В том случае, когда подобное влияние не подходит для исследования общих закономерностей, похоже, существует только одна возможность — допустить существование общих источников. Недавно я опубликовал исследование, посвященное источникам христианской симфонической мысли вплоть до Оригена — то есть непосредственно перед зарождением платонизма и накануне «золотого века» святоотеческой письменности[4]. Основной тезис этого исследования заключается в том, что христианское симфоническое мышление является одновременно развитием и синтезом греческих симфонических методов, которые постепенно формировались в греческом мире задолго до христианства; еще одним его, отчасти близким, продолжением также служит и неоплатоническая симфоническая мысль. 

В этой статье мне хотелось бы прежде всего кратко резюмировать, что следует подразумевать под «греческими корнями» позднеантичного конкордизма — христианского или неоплатонического.

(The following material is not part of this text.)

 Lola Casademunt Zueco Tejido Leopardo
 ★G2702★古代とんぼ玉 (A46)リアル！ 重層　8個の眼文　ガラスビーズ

Затем я намереваюсь перейти к описанию возникновения христианского конкордизма в первые три века, чтобы осветить проблематику того, каким образом он стал продолжением греческих симфонических методов и в каком смысле он вместе с тем положил начало новым методам или новым идеям относительно текстуальной и вероучительной симфонии.

Греческие корни позднеантичного конкордизма

Исходя из того, насколько мы можем обратить наш взгляд в прошлое, нам следует прежде всего сказать несколько слов относительно важности гармонии в греческом мышлении[5]. В греческих текстах архаического и классического периодов считалось, что благо или истина зачастую находятся в гармонии с самими собой или с чем-то еще; и наоборот, только нечто гармоничное само по себе может быть благом или истиной. Мир сам по себе, как κόσμος, по определению обозначал гармонию, объединяющую разнородные сущности[6]. Согласно Платону, добрая, или добродетельная, душа — это та, которой удалось достичь гармонии в самой себе[7]. Гармония была богиней, дочерью Ареса и Афродиты, и символизировала примирение противоречивых реальностей[8]

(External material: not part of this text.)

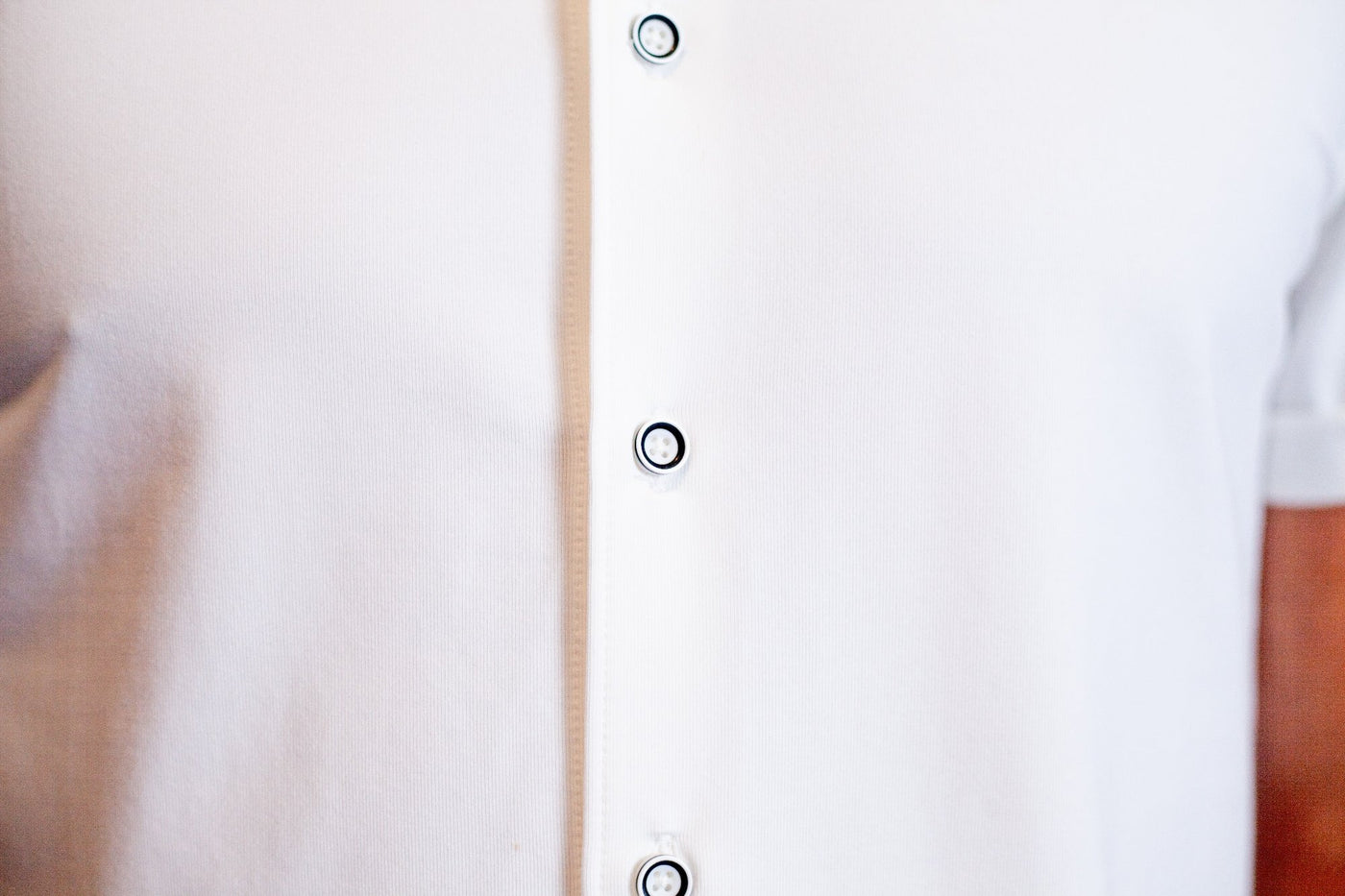 Single Shot SS Shirt, white, button detil-Short Sleeve Shirts-Buki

Для более точного определения представления о гармонии греки, как правило, прибегали к лексике, имеющей отношение к музыке. Глагол συμφωνεῖν / ξυμφωνεῖν («звучать, находиться в согласии»), как и его производные, этимологически означает созвучие музыкальных инструментов и голосовых партий[9] или же — согласие различных струнных инструментов, таких как лира или кифара[10]. Согласно античным источникам, пифагорейцы были первыми, кто стал говорить о συμφωνία этого мира[11] или души[12].

От этого представления о συμφωνία души такие слова, как συμφωνία / ξυμφωνία или глаголы συμφωνεῖν / ξυμφωνεῖν, а иногда глаголы συνᾴδειν / ξυνᾴδειν («согласно петь») вместе со своими производными стали применяться для выражения согласия не только души с самой собой, но также человека с другим человеком или различных представлений между собой[13].

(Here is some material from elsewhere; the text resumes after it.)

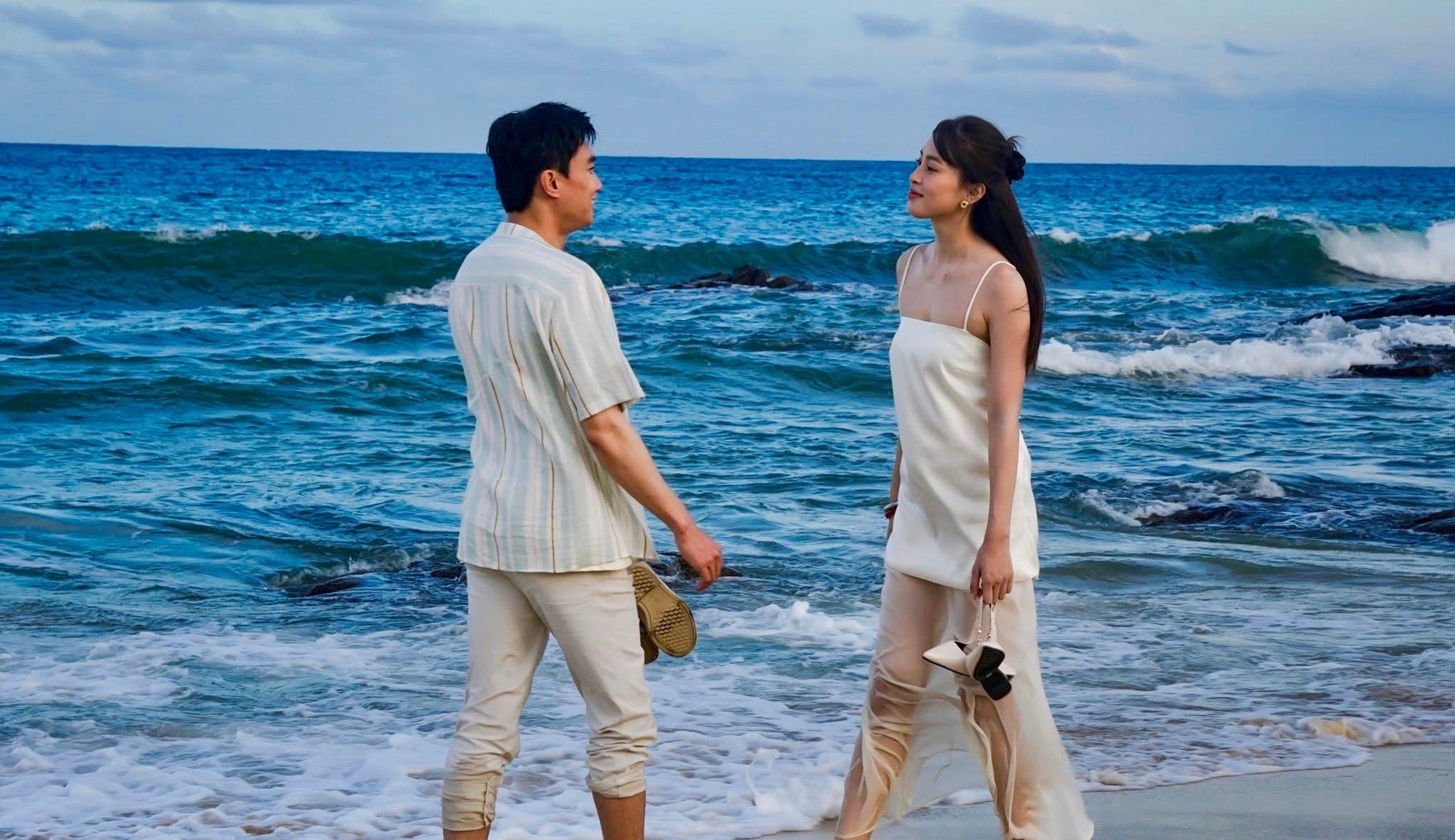 29-1782699842-my-nhan-viet-so-huu-visual-mat-troi-theo-chan-duoc-khen-dep-chan-dong-khi-dung-hang-sao-hoa-ngu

Довольно рано в греческой литературе мы встречаемся с представлением о том, что быть в согласии с кем-то является благом: на уровне политической жизни это означает состояние мира и должного функционирования всего государства[14]; на уровне этики — подразумевает состояние настоящей дружбы[15]; на интеллектуальном уровне представление о согласованности часто связано с идеей истины, поскольку согласие с самим собой рассматривалось как условие истины: пребывание в согласии с кем-то, кто говорит истину, также означает истинность собственных убеждений. Уже Платон упоминает об этих двух аспектах связи между представлениями о согласии и истине, при этом он был первым, кто употребил в этом контексте музыкальный термин συμφωνία. В одном из своих диалогов[16] он настаивает на необходимости существования в согласии с самим собой для того, чтобы произнести истинное суждение. В другом диалоге Сократ утверждает, что будет сохранять верность в отношении всего того, что находится в согласии (συμφωνεῖν) с более твердым убеждением, который он будет использовать в качестве основы для своего аргумента[17]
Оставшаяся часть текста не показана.